Bersama teman-temannya, aku menjenguknya lagi. Aku coba pegang tangannya. Dingin. Tubuhnya bergetar karena menggigil. Aku sedikit bisa merasakan keganasan sakit malaria yang dideritanya. Aku juga pernah mengalaminya. Rupanya, ia sedang memandangku dan teman-temannnya. Ia sedikit tersenyum. “Bertha, aku dan teman-temanmu datang ke mari mau doakan kamu ya; supaya kamu cepat sembuh,” sapaku memecah kebisuan kata, karena sesungguhnya batin kami masing-masing tetap berbicara.

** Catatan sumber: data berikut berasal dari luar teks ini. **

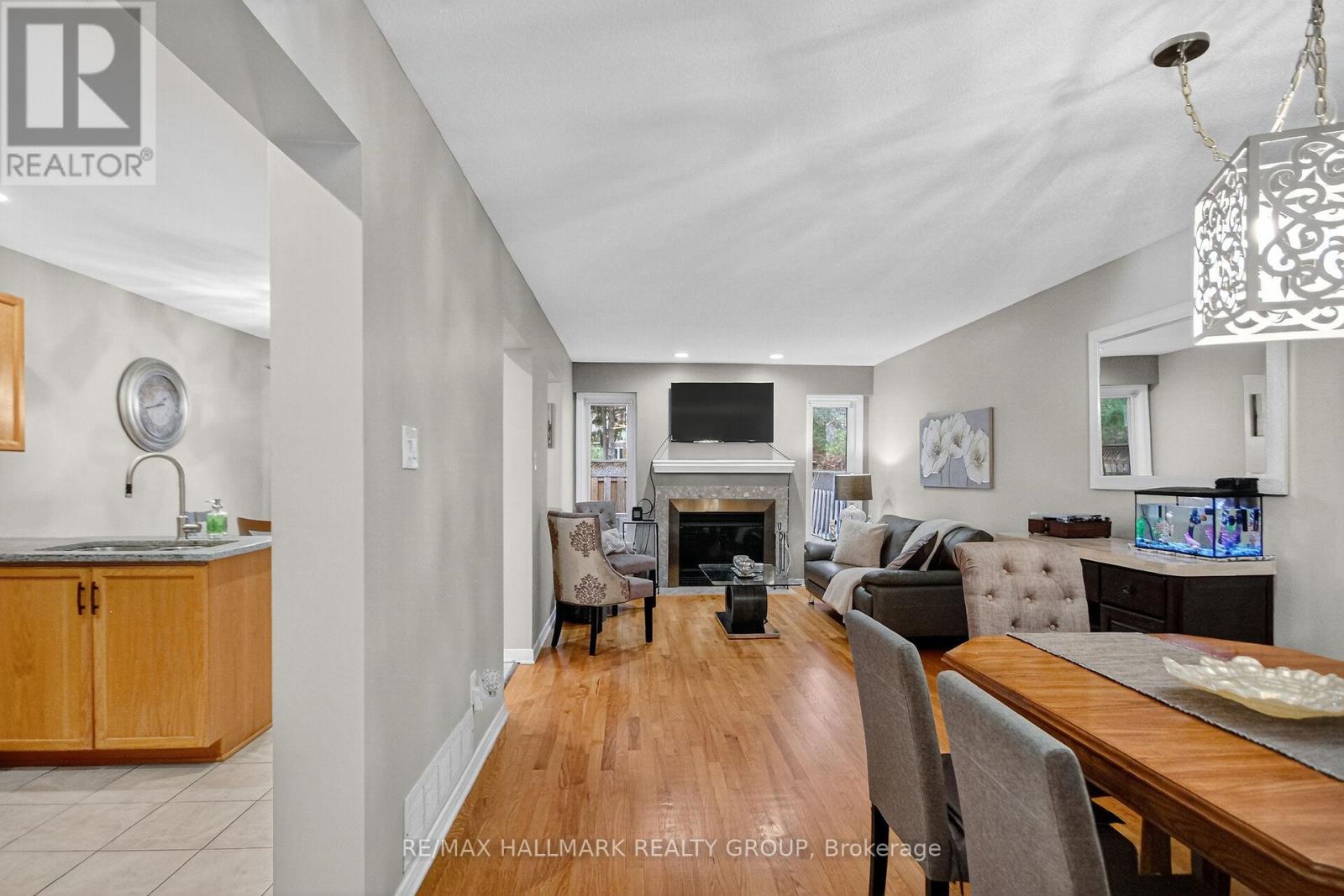 110 Hunter's Glen Crescent, Ottawa, Ontario  K1T 3R1 - Photo 9 - X13455154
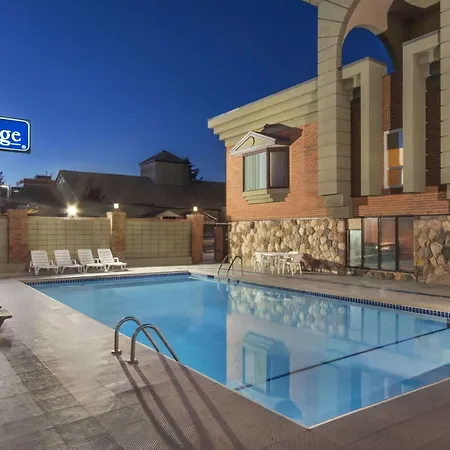 Travelodge By Wyndham Calgary South-3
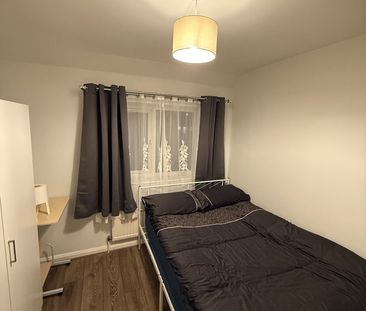 Room in a Shared House, Southglade Road, NG5 - Photo 1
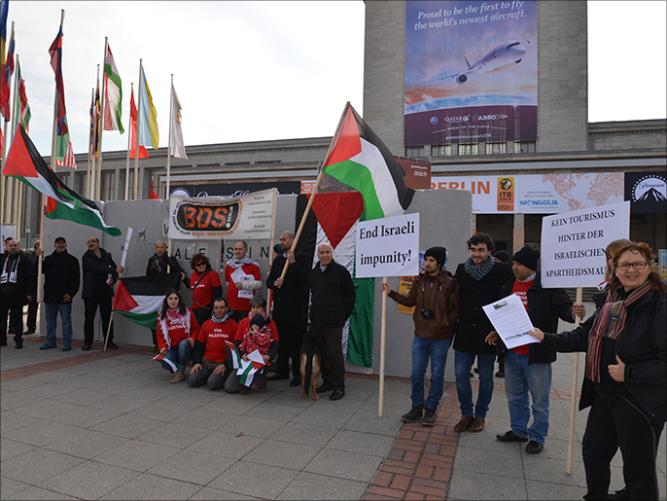 ITB 2015 - replika tembok pembatas israel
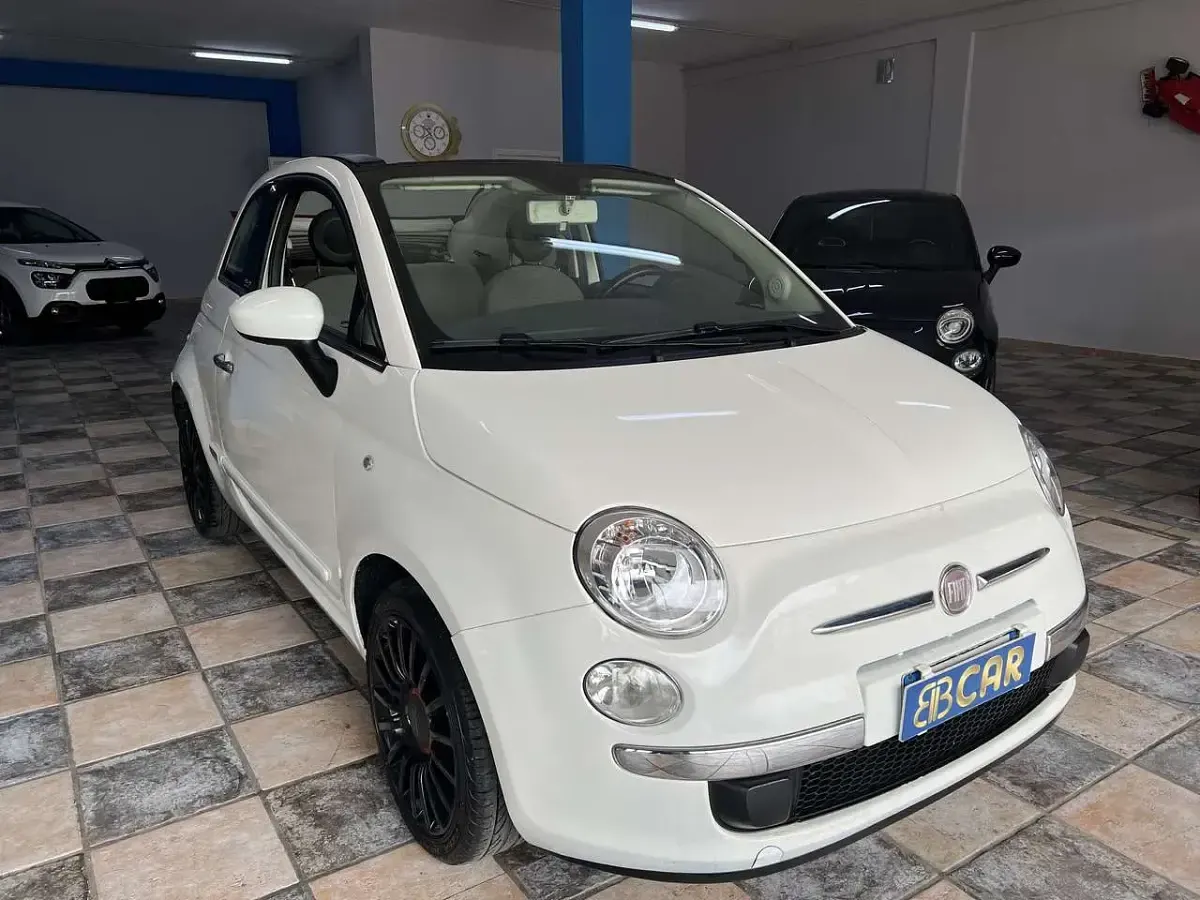 Usata Fiat 500C Lounge 95 CV (69 kW) 2011 Other Cabrio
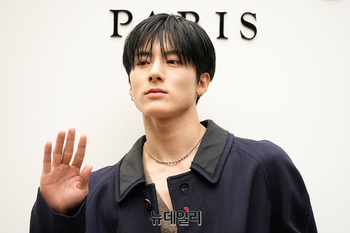 [영상] 더보이즈 에릭 '시크한 손인사'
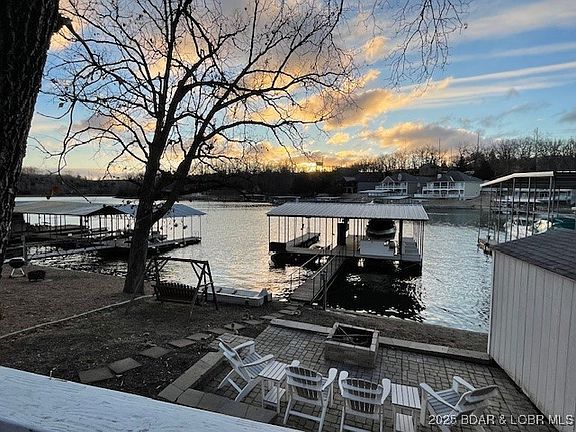 3rd image of 5238 Harper Ln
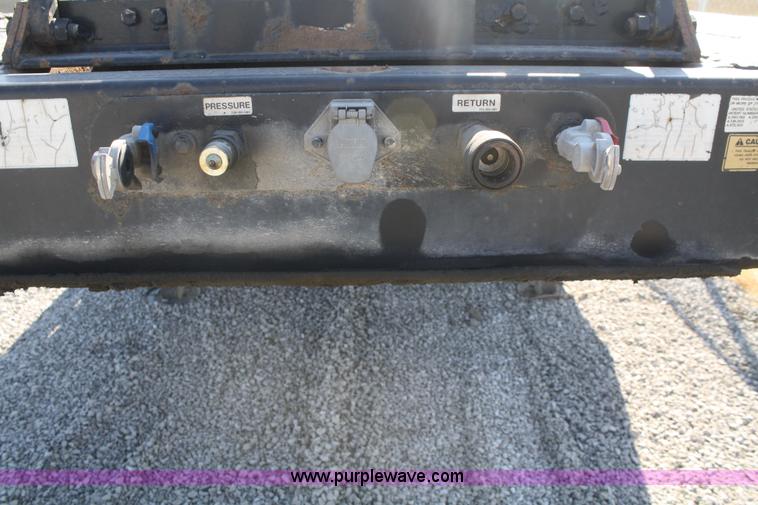 image for item B6965 2005 Trail King Hydra-Tail trailer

Ia mengangguk dan menambah senyumannya. Mulailah kami berdoa. Teman-temannya berinisiatif memimpin doa. Selesai berdoa, kami berbincang dengannya dan dengan bapak-ibunya. Ketika aku mau pamit, ia sempat berpesan, “Ter, saya sudah pasrah. Tolong panggilkan Pater.......”. Aku mengangguk dan segera pulang. Teman-temannya masih tetap tinggal di sana untuk menemaninya.

Dua hari sesudah sakramen perminyakan, ia berpulang. Berpulang dalam damai meski derita sakit dialaminya. Aku merasa kehilangan. Namun, aku pun diteguhkan oleh pengalamannya. Di usianya yang masih muda, derita atau salib tidak menghilangkan imannya, melainkan memperteguh imannya. Kepasrahan dalam senyuman dan pesannya menandakan sudah terjadinya sebuah perjumpaan intim dengan Sang Pemberi Hidup. Aku meraskannya sebagai sebuah kebahagian hidup yang tentunya diingini dan dicari setiap insan. Saat ini aku ingin mengenangnya dan kita semua juga mengenang mereka yang berpulang dalam damai meskipun derita dialaminya, dengan kata-kata Ayub ini: “Aku tahu ya Tuhan, bahwa Engkau Mahakuasa; ... dahulu pengetahuanku tentang Engkau hanya kudengar dari orang saja, tetapi sekarang kukenal Engkau dengan berhadapan muka.” (Ayub 42:1a, 5). Selamat berbahagia sobat. Ibo ini enaimo nitai (Tuhan sertamu selalu)!